When Misha Rubin and his husband decided to adopt, they expected some ups and downs going through the process. But even they were surprised by how things played out last November.
They had just landed in Morocco for a vacation when they got a call saying the twin girls they were adopting had arrived ahead of schedule. Five flights later, they were back in Florida, only to find that the girls, born at 33 weeks, needed to stay in the hospital for an undetermined amount of time.
Rubin, a partner at Ernst & Young LLP, arranged with his team to work remotely from Cape Coral for a month until the girls could travel to New York. "Everybody was very supportive. The message to me was, 'Do whatever you need to do,' " he said.
Rubin has since asked his managers to limit him to assignments with no travel, and he tries to avoid too many evening events because he wants to put the girls to bed at night.
Rubin's situation may be unusual. But his attitude toward flexible work time is not, according to a study released today by the Working Mother Research Institute. Companies like Yahoo! and Best Buy may be terminating their flexible work arrangements, but some 77 percent of the men surveyed said their company offers flex-time arrangements, and 47 percent are using them.
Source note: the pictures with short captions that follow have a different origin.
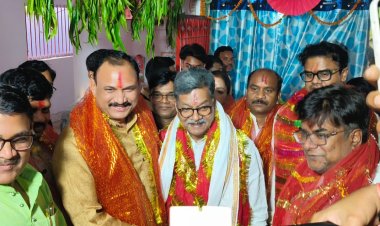 काम ऐसा कि 'विपक्ष' भी हो गया कायल: नेता प्रतिपक्ष डॉ. चरणदास महंत ने की स्वास्थ्य मंत्री श्याम बिहारी जायसवाल के समर्पण की मुक्तकंठ से प्रशंसा,,,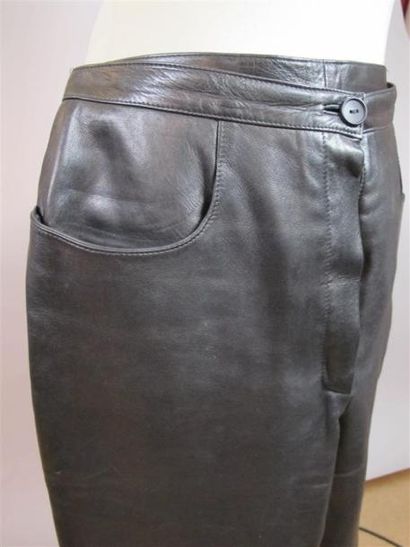 Guy LAROCHE 
Pantalon en cuir noir, doublé.
Taille...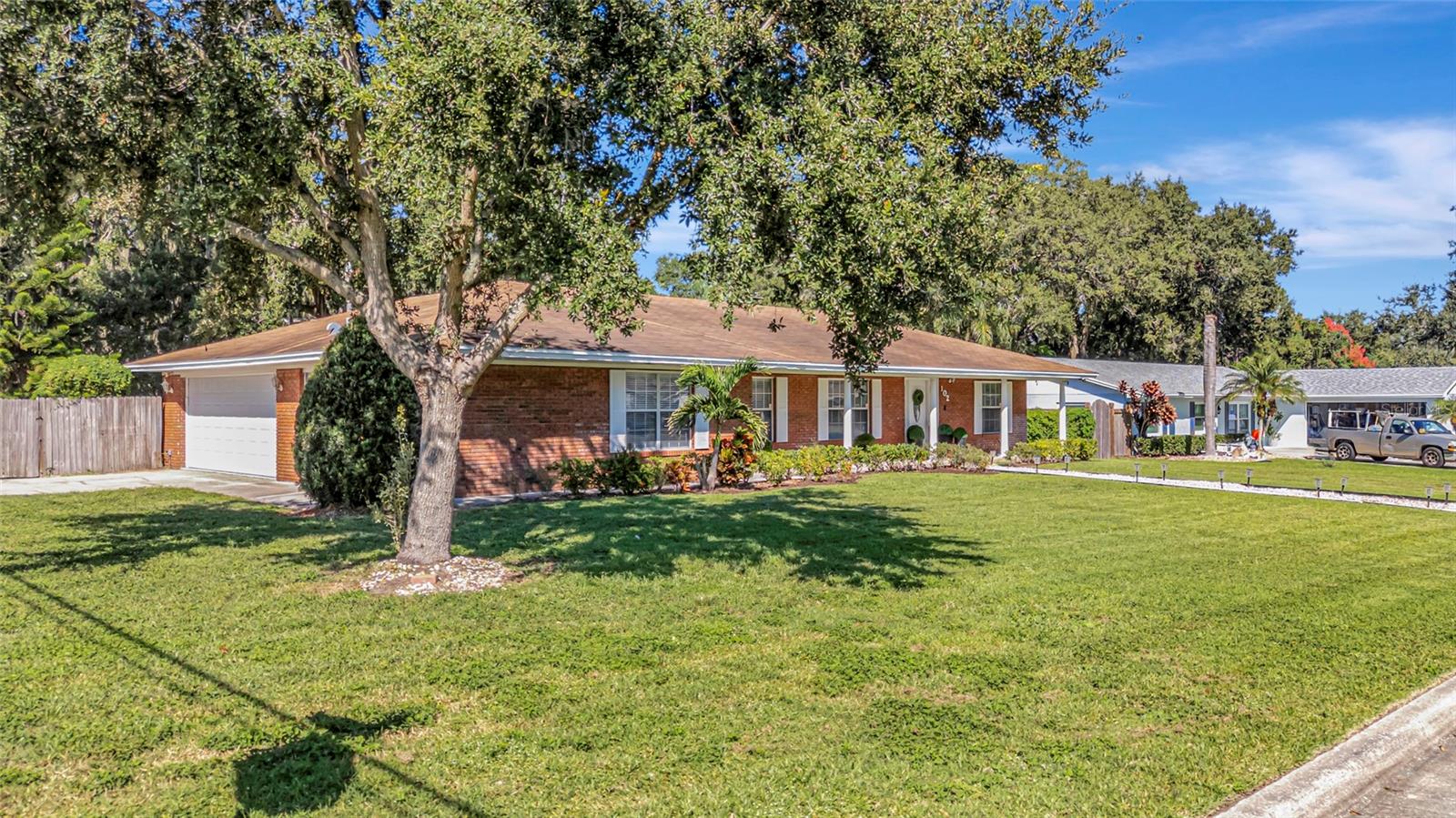 VALENCIA SHORES - Residential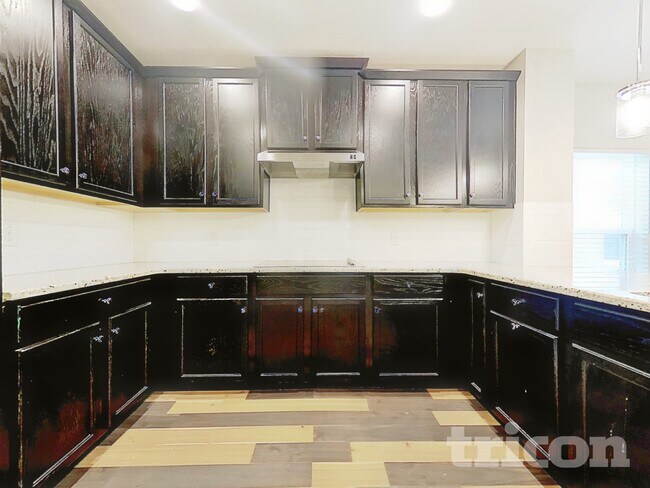 Foto del edificio - 9229 Halsey Dr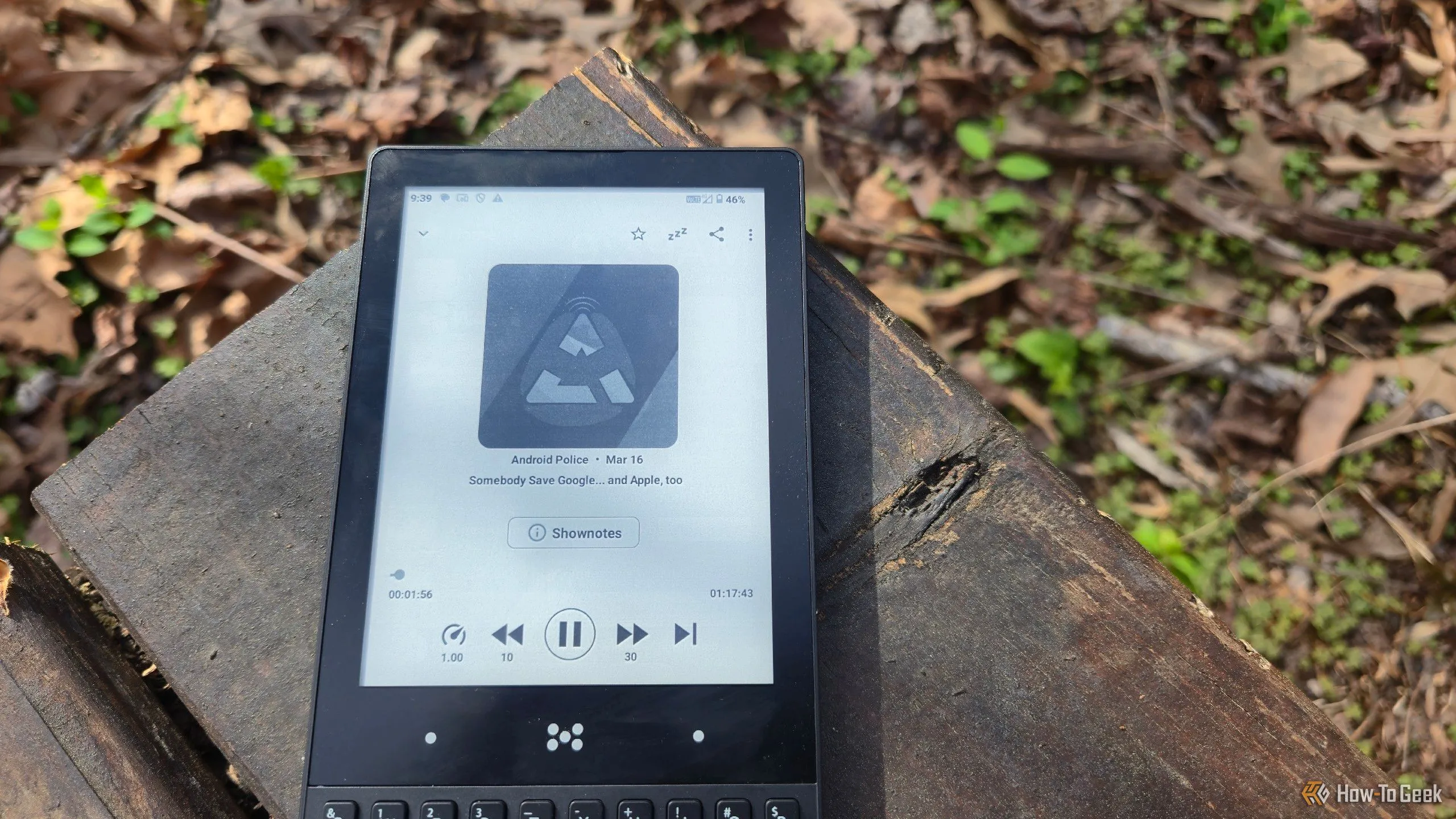 A podcast playing on the Minimal Phone.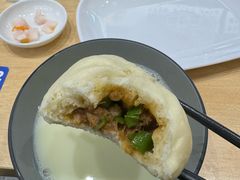 -李与白包子铺(桐梓林店)
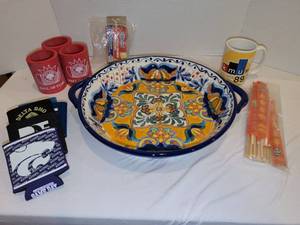 lot 1257 image: Decorative Ceramic Serving tray and more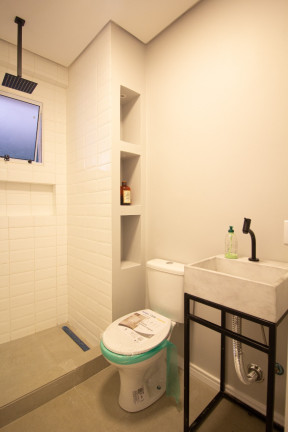 Imagem Apartamento com 2 Quartos à Venda, 68 m² em Floresta - Porto Alegre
"Men are too often an afterthought in conversations about workplace flexibility," said Karyn Twaronite, global diversity and inclusiveness officer for EY, the parent of Ernst & Young LLP and the sponsor of the study.
Certainly there is demand for flexibility. In a 2013 study by the Pew Research Center, 56 percent of working women and 50 percent of working men said it was somewhat or very difficult for them to achieve the right balance.
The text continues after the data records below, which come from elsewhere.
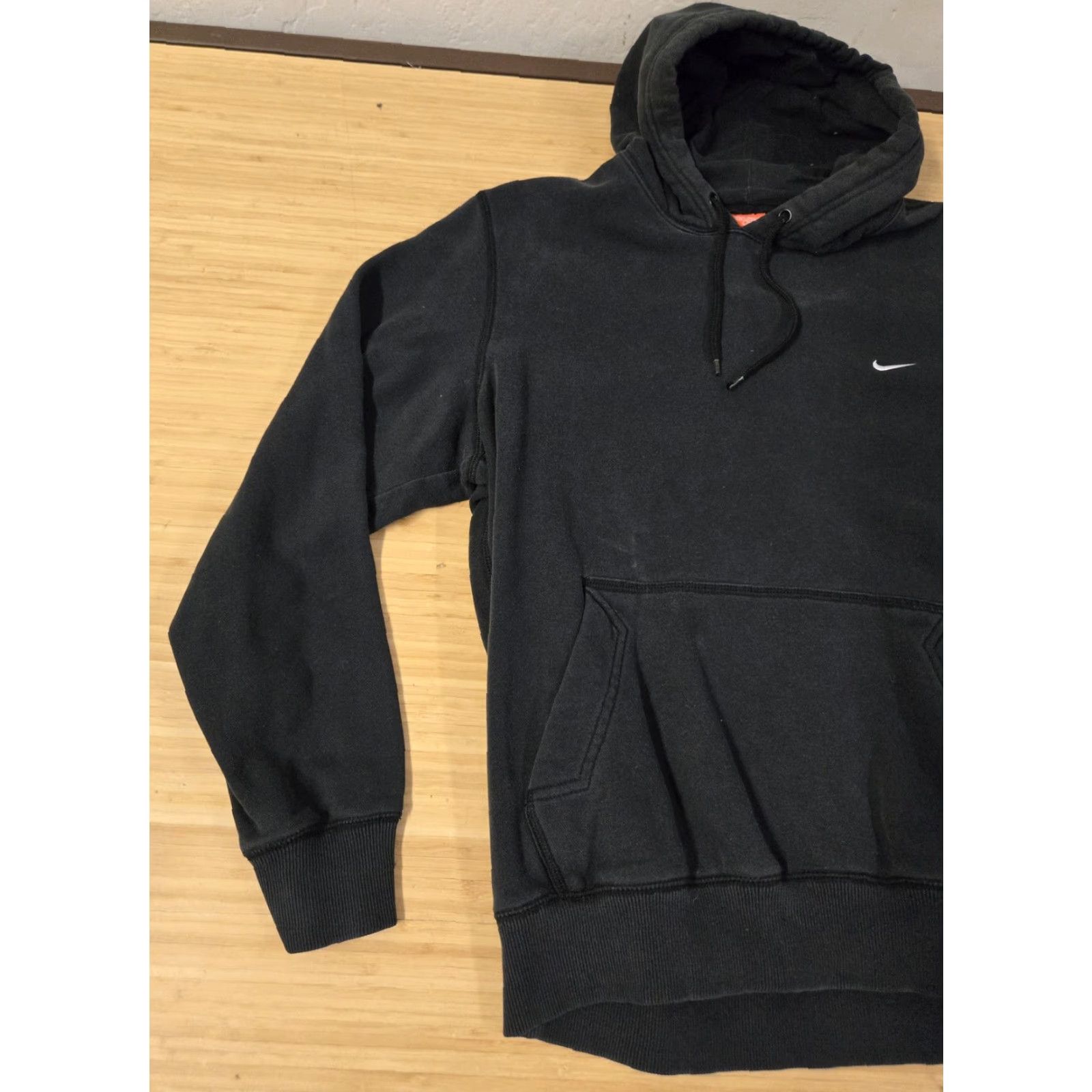Nike Nike Hoodie Mens Large Black Athletic Dept Pullover Swoosh Sweatshirt Pockets Kangaroo Front Pocket Drawstring Hooded Size US L / EU 52-54 / 3 - 4 Thumbnail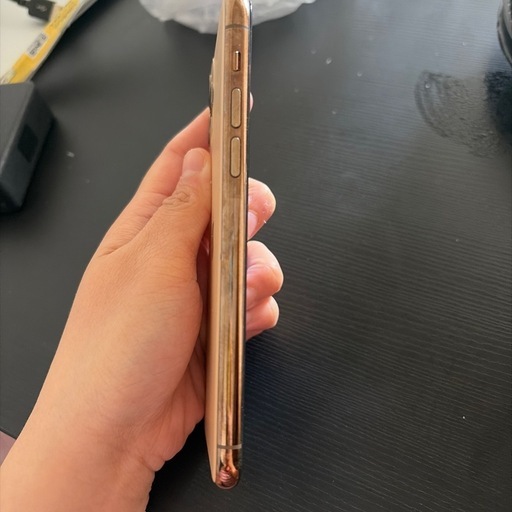 iphone iPhone 16e at Metro by T-Mobile 4817 Annapolis Rd | Bladensburg, MD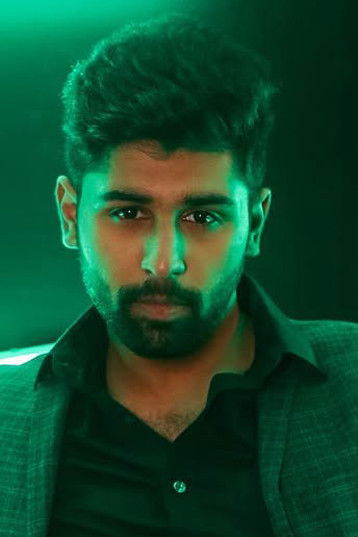 et billede af Aditya Madhavan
Employers are starting to respond. In the Working Mother Research Institute study, 60 percent of all respondents said their employers support flex work, though 26 percent said their employers could do more.
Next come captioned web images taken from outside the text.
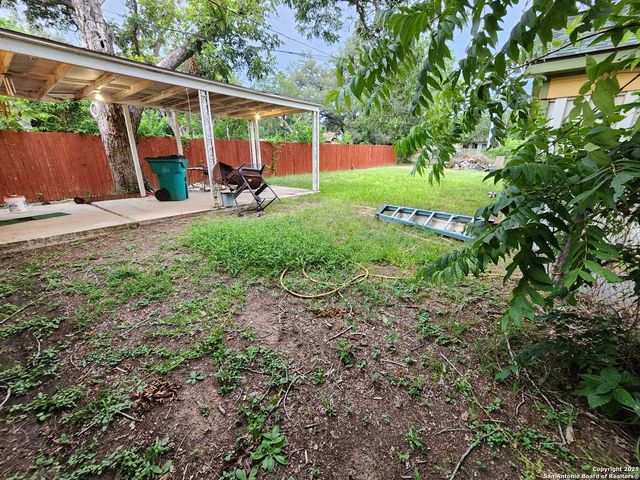 622 cedar, Seguin, TX 78155
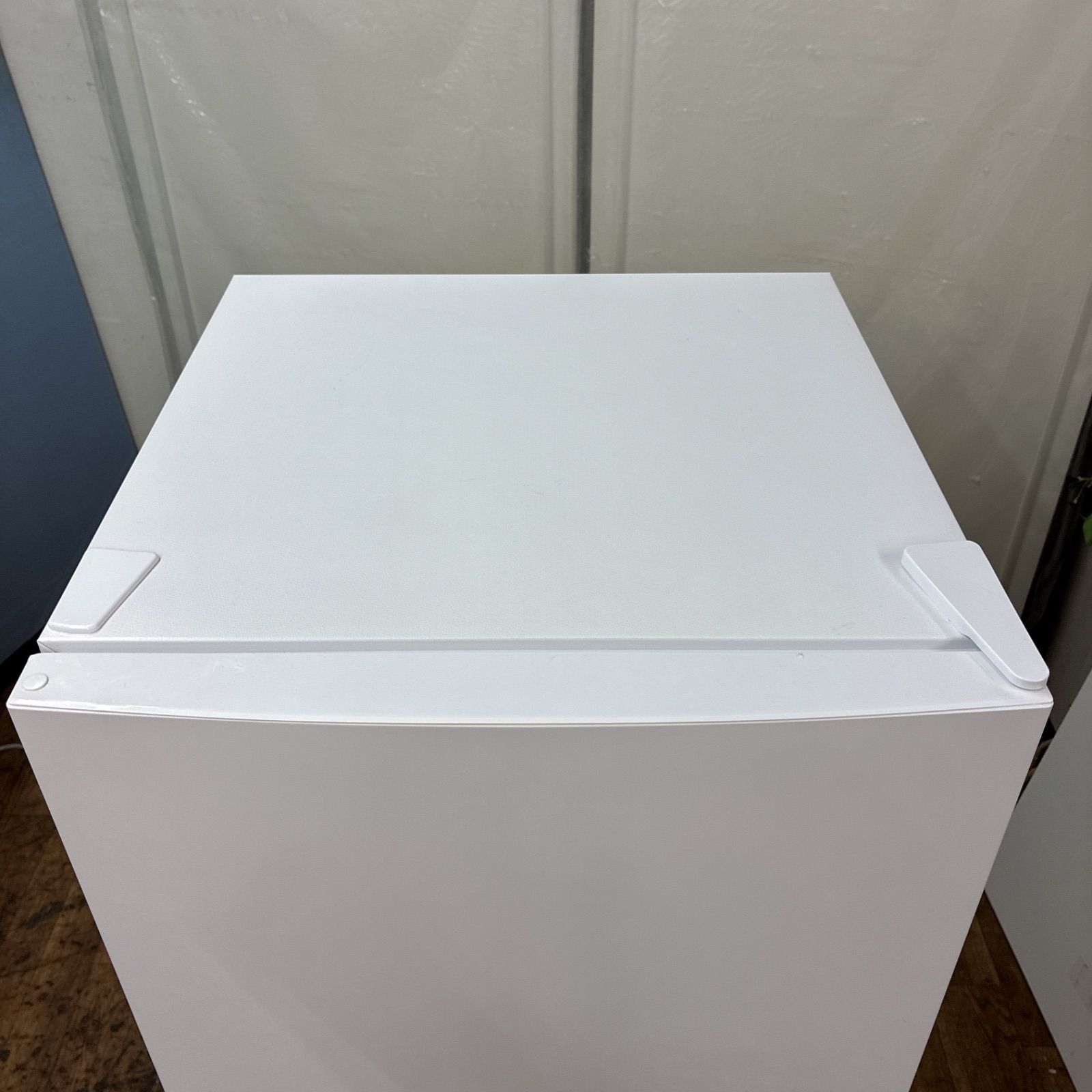 S763 ⭐ 23年製の高年式 MAXZEN ❘ マクスゼン 2ドア冷蔵庫(182L・右 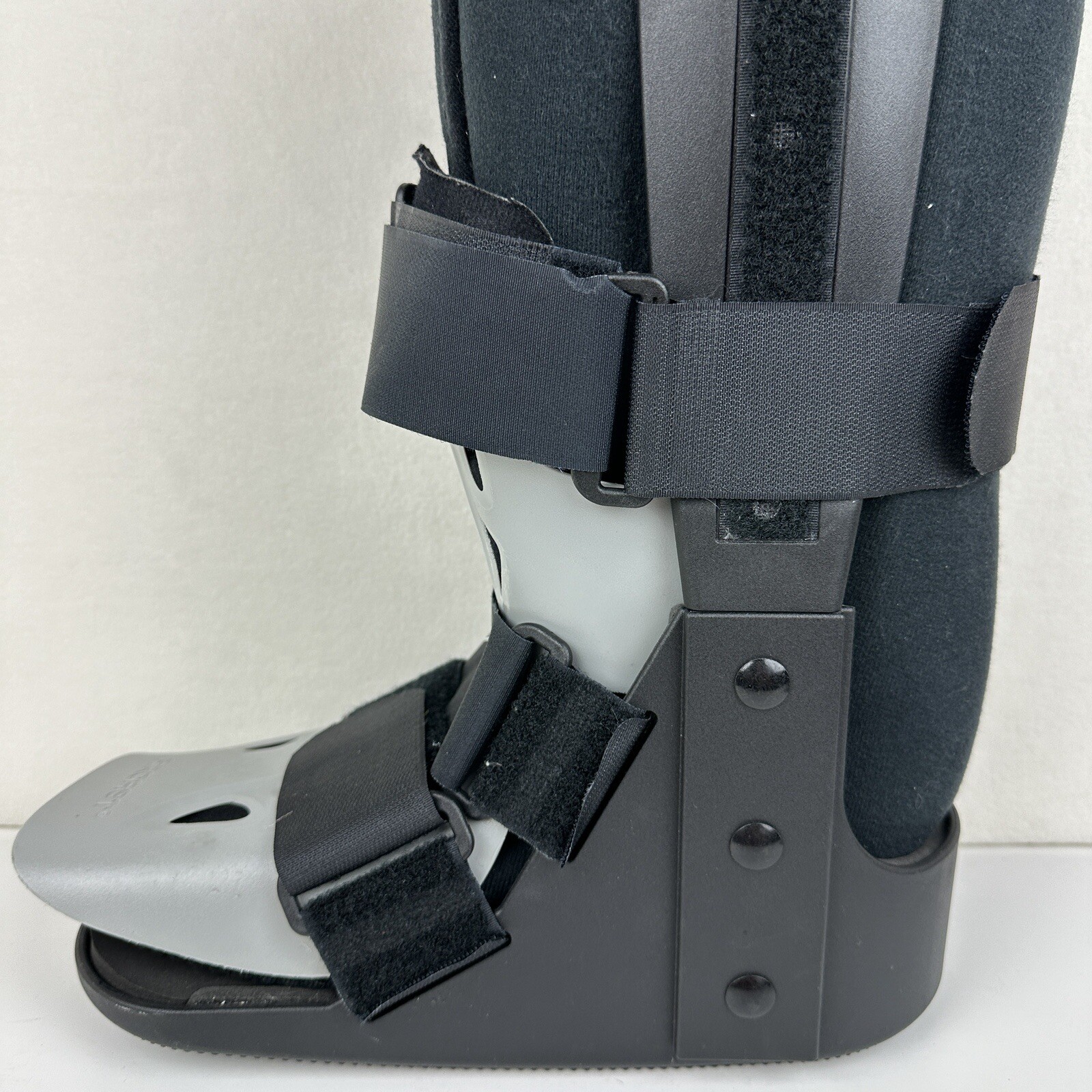 Medium DeRoyal Orthopedic Walking Brace Boot Foot Ankle Leg Tracker EX Walker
Read MoreFor workers, less flexible companies
Although men are increasingly taking advantage of such options, the impact of flex-time arrangements on men's and women's careers can be very different.
In a study of flex-time arrangements published earlier this year, researchers asked 650 people to read transcripts of what they said were conversations between a human resources official and an employee. Some of the conversations included requests for flexible work arrangements. Almost 70 percent of the readers said they would respond positively if a man were asking for flex time to care for children, compared with 57 percent who would approve such a request from a women. Some 15 percent of the readers also rated women making those requests as less committed to their jobs, but only 3 percent interpreted the men's requests that way.
Another study published in 2013 found that mothers experienced negative consequences after asking for flexible schedules, like not being assigned high-profile projects.
But Twaronite contends that what she sees in EY's relatively young workforce is a harbinger of attitudes to come. For example, EY started talking about offering paid paternity leave in 2002.
"People thought there was no way men would take it," she recalled. But EY began offering paid paternity and adoption leave anyway, and Twaronite says male employees are increasingly open to the idea. Every year now, between 500 and 600 women—and about the same number of men—in the U.S. take paid parental leave from the company, she said.